### EXERCISE INSTRUCTIONS:
In the listing below, find the line with "Female hand hold" and copy every line from there up to and including the line with "Un jacuzzi en", exactly and without pictures.

RECORDS FOR PROCESSING START

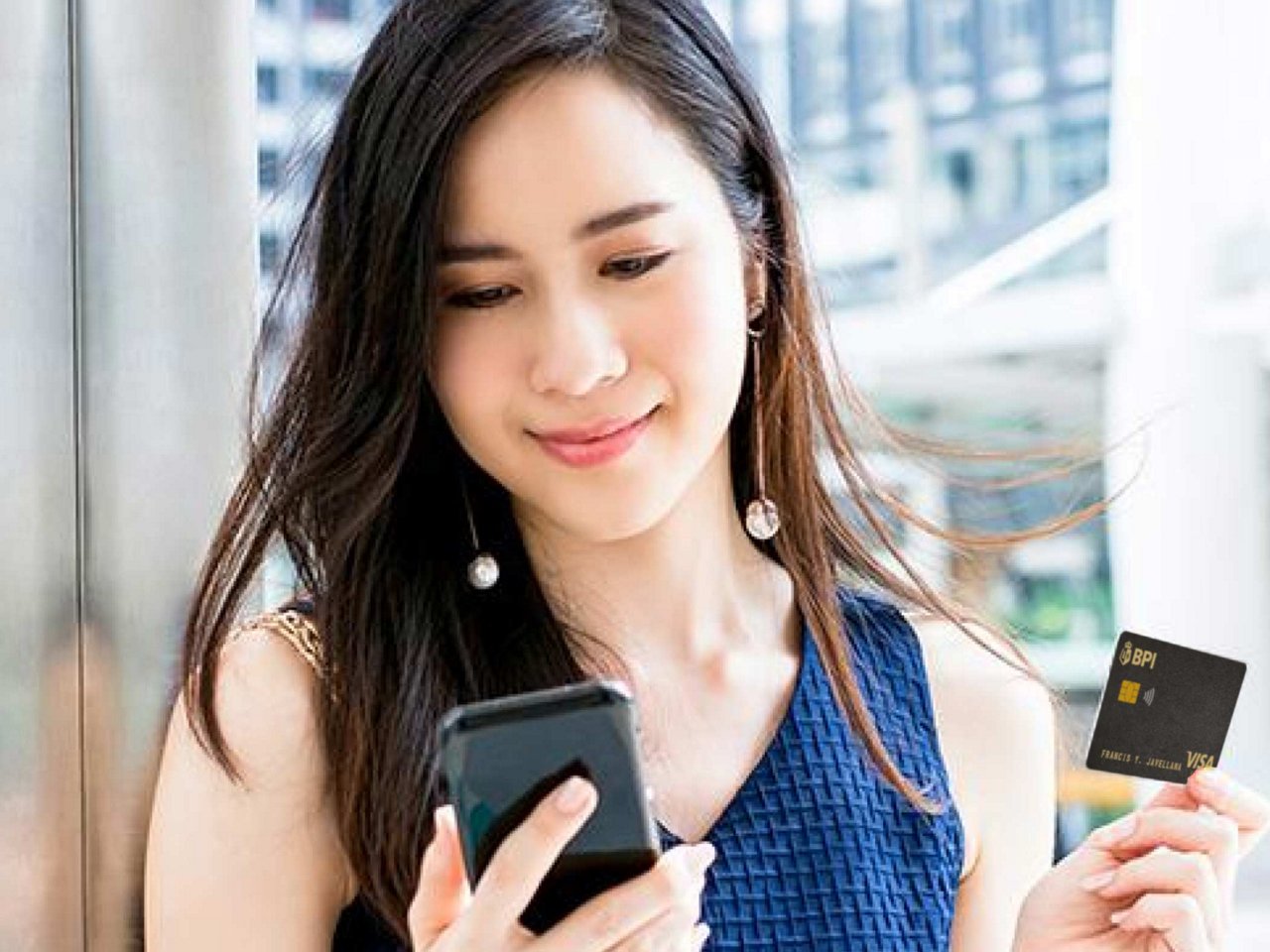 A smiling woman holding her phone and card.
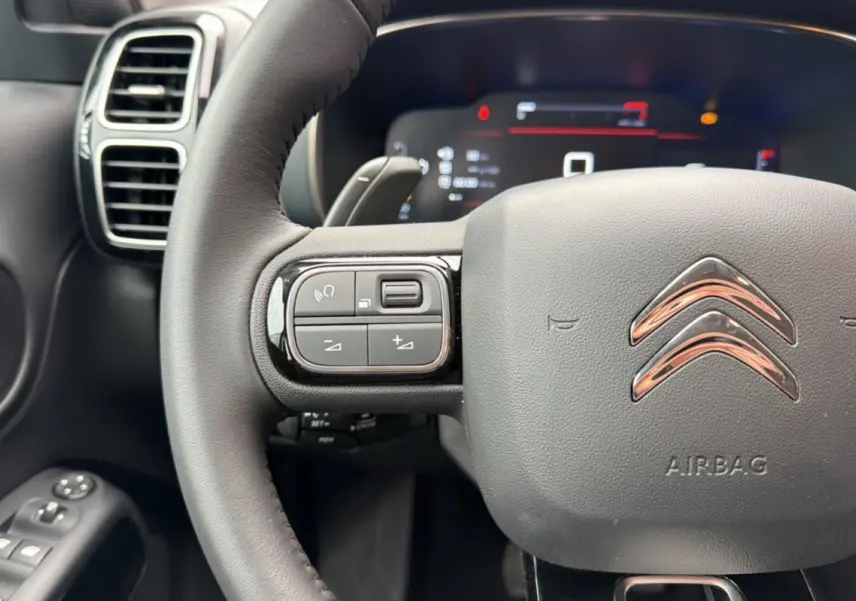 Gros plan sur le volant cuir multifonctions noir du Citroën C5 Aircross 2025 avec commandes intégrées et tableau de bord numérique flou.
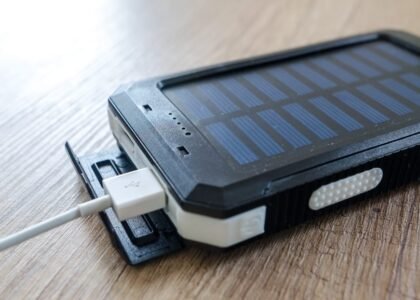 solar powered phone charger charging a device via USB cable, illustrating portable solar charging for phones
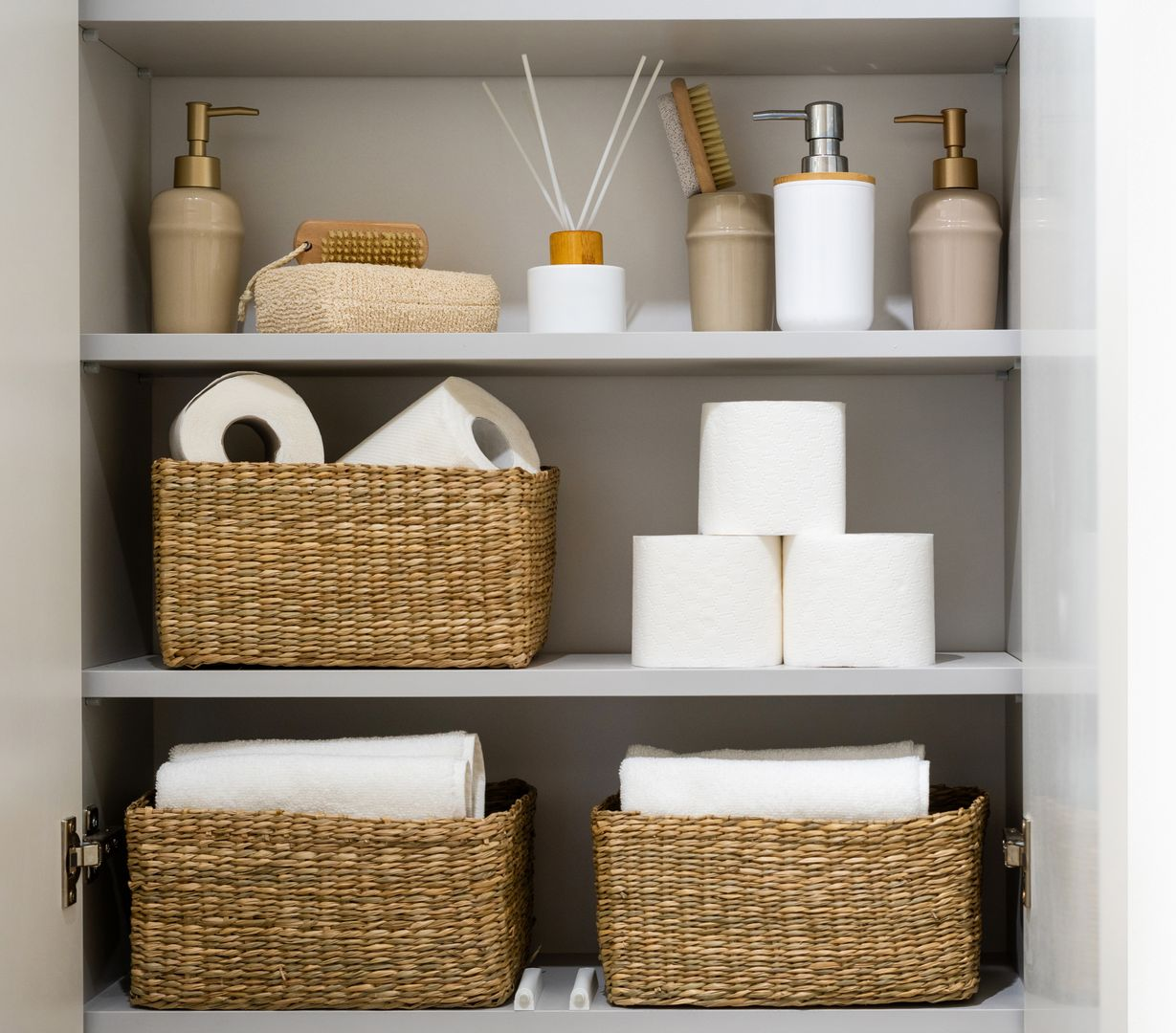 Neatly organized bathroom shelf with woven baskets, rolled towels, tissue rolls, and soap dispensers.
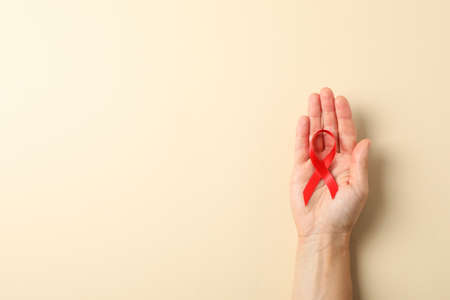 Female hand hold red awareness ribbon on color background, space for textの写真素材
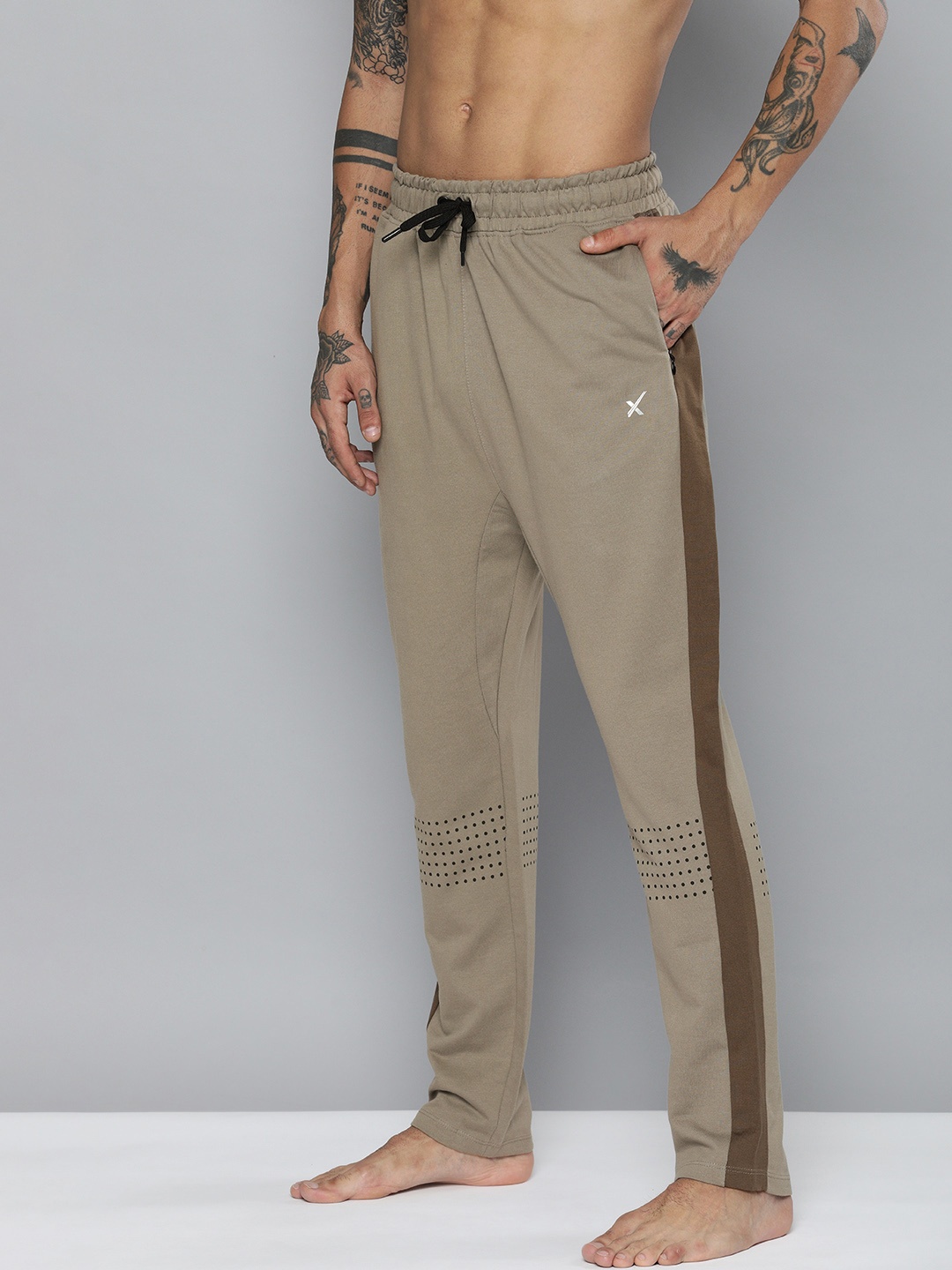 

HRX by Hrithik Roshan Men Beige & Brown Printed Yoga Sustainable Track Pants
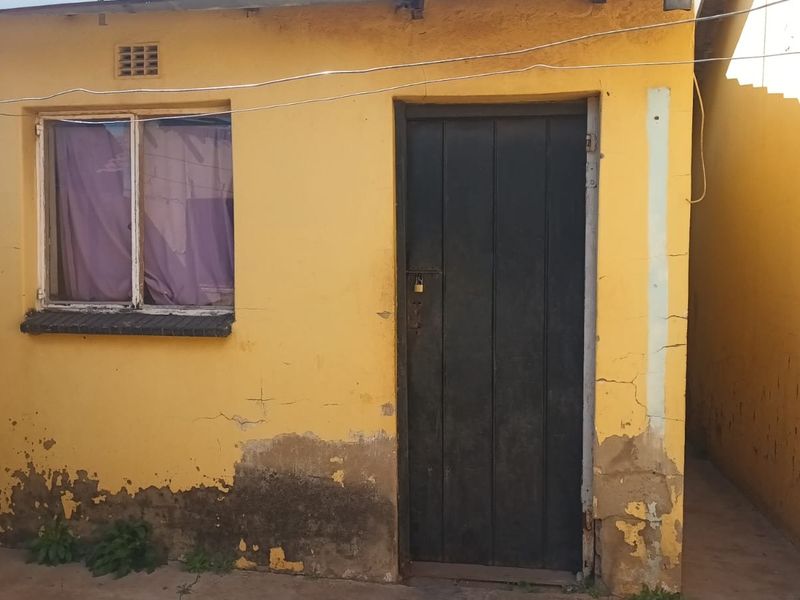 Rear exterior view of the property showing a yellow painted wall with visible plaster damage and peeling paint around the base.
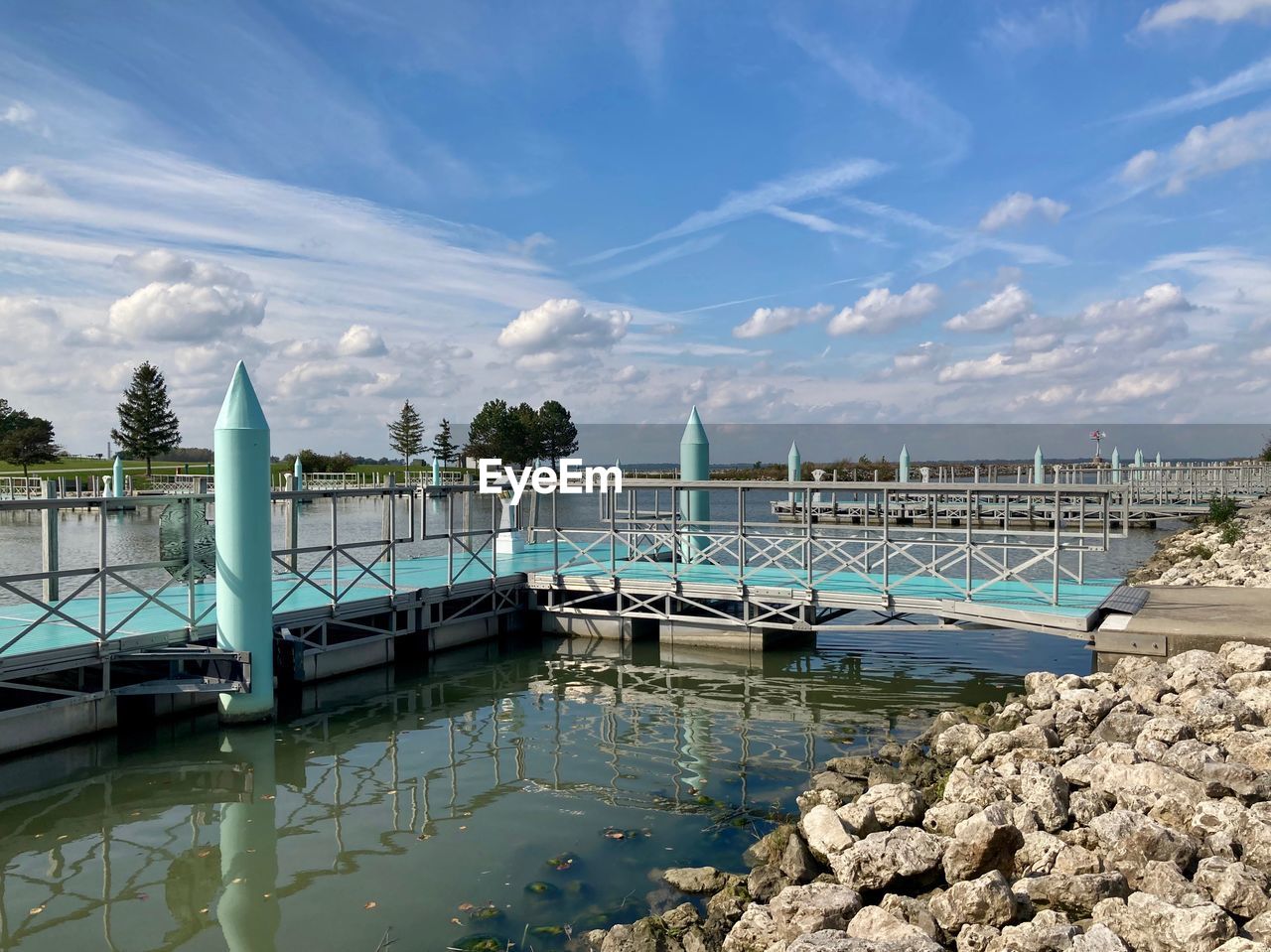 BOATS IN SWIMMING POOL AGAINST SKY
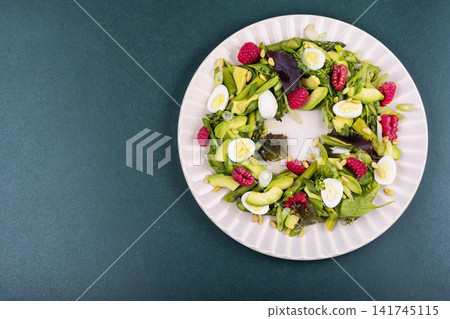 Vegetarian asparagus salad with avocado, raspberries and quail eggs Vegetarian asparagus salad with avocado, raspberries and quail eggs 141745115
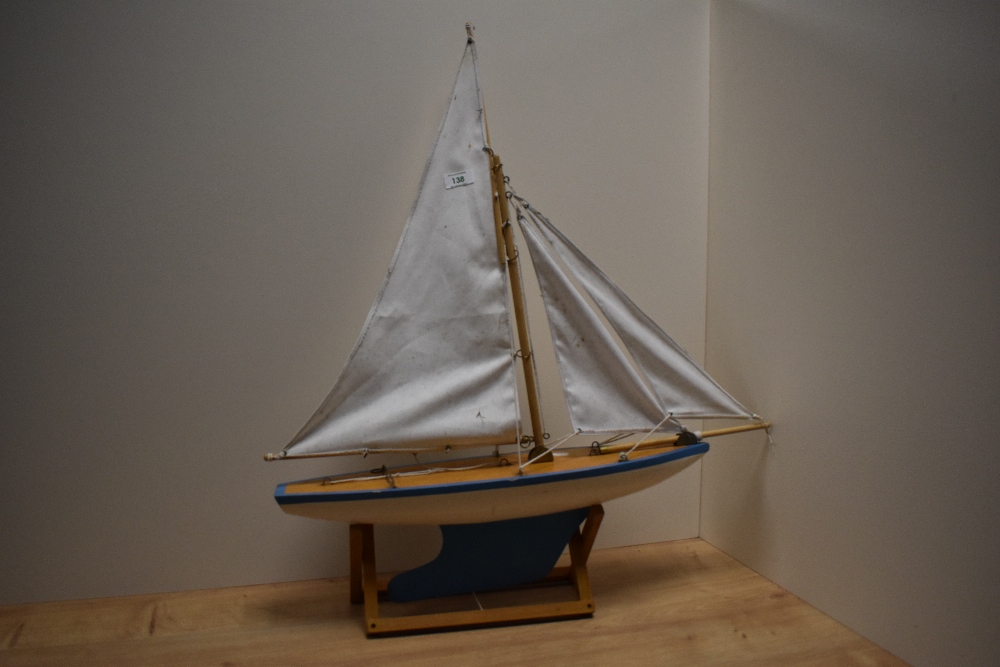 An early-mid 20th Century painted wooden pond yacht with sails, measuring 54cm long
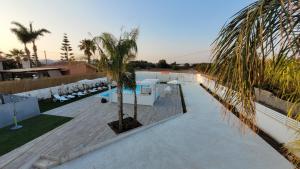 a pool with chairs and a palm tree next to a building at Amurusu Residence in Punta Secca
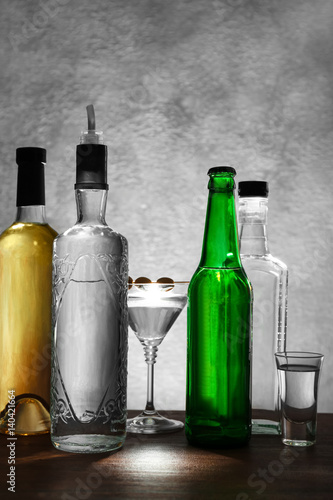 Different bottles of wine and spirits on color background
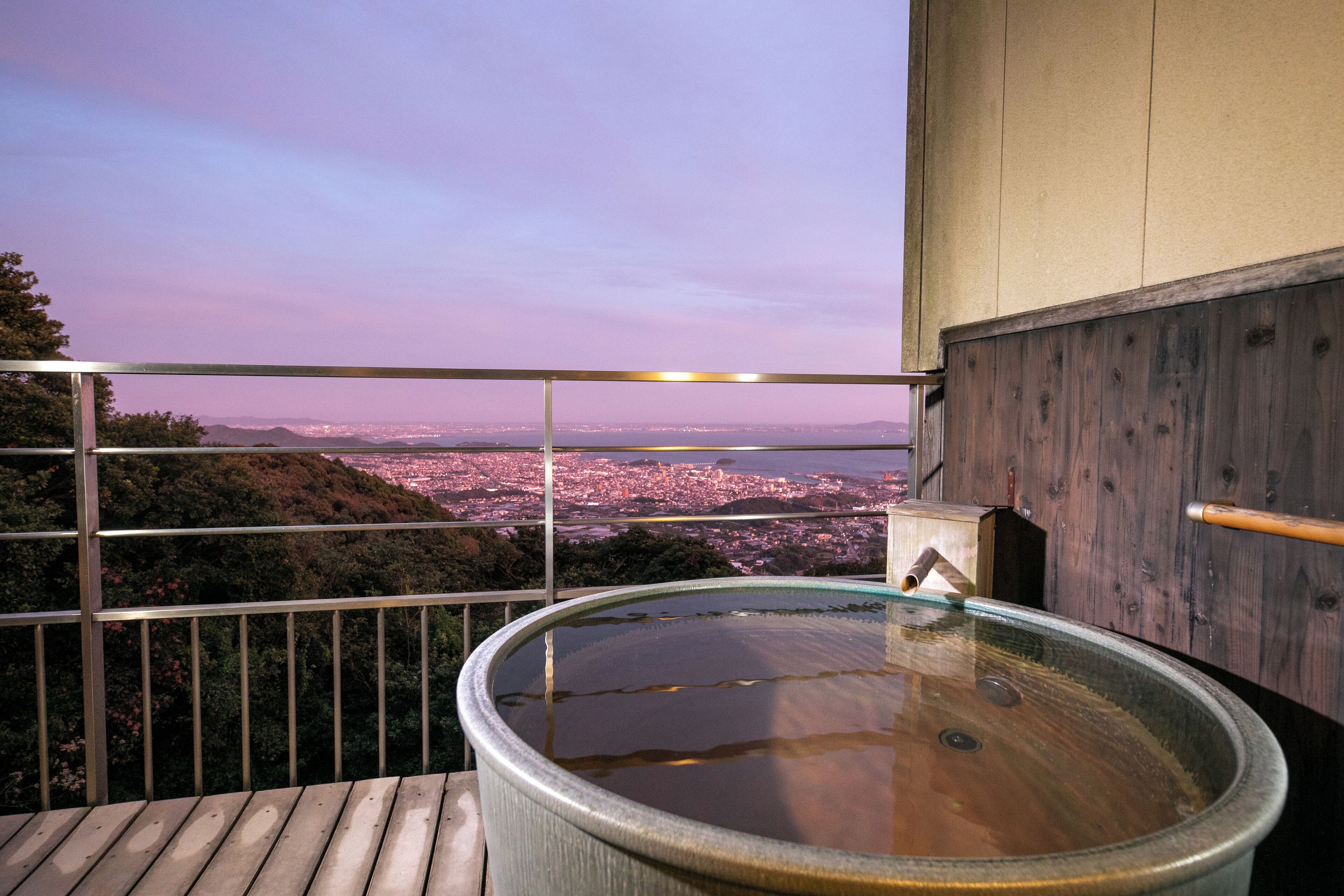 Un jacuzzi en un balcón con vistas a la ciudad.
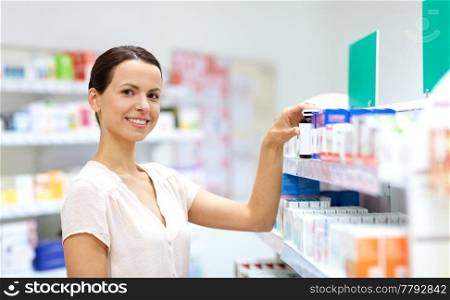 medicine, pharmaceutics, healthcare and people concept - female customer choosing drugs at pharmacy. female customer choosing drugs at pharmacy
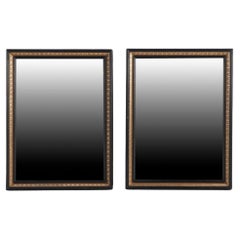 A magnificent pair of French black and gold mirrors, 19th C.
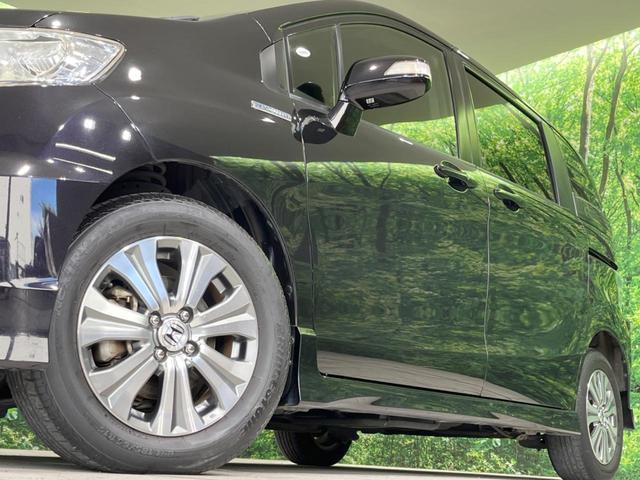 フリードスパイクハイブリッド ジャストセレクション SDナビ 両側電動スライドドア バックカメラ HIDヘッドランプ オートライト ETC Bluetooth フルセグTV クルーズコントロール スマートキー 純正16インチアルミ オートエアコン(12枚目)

RECORDS FOR PROCESSING END

### SOLUTION FOR THIS PROBLEM:
 Female hand hold red awareness ribbon on color background, space for textの写真素材

HRX by Hrithik Roshan Men Beige & Brown Printed Yoga Sustainable Track Pants
 Rear exterior view of the property showing a yellow painted wall with visible plaster damage and peeling paint around the base.
 BOATS IN SWIMMING POOL AGAINST SKY
 Vegetarian asparagus salad with avocado, raspberries and quail eggs Vegetarian asparagus salad with avocado, raspberries and quail eggs 141745115
 An early-mid 20th Century painted wooden pond yacht with sails, measuring 54cm long
 a pool with chairs and a palm tree next to a building at Amurusu Residence in Punta Secca
 Different bottles of wine and spirits on color background
 Un jacuzzi en un balcón con vistas a la ciudad.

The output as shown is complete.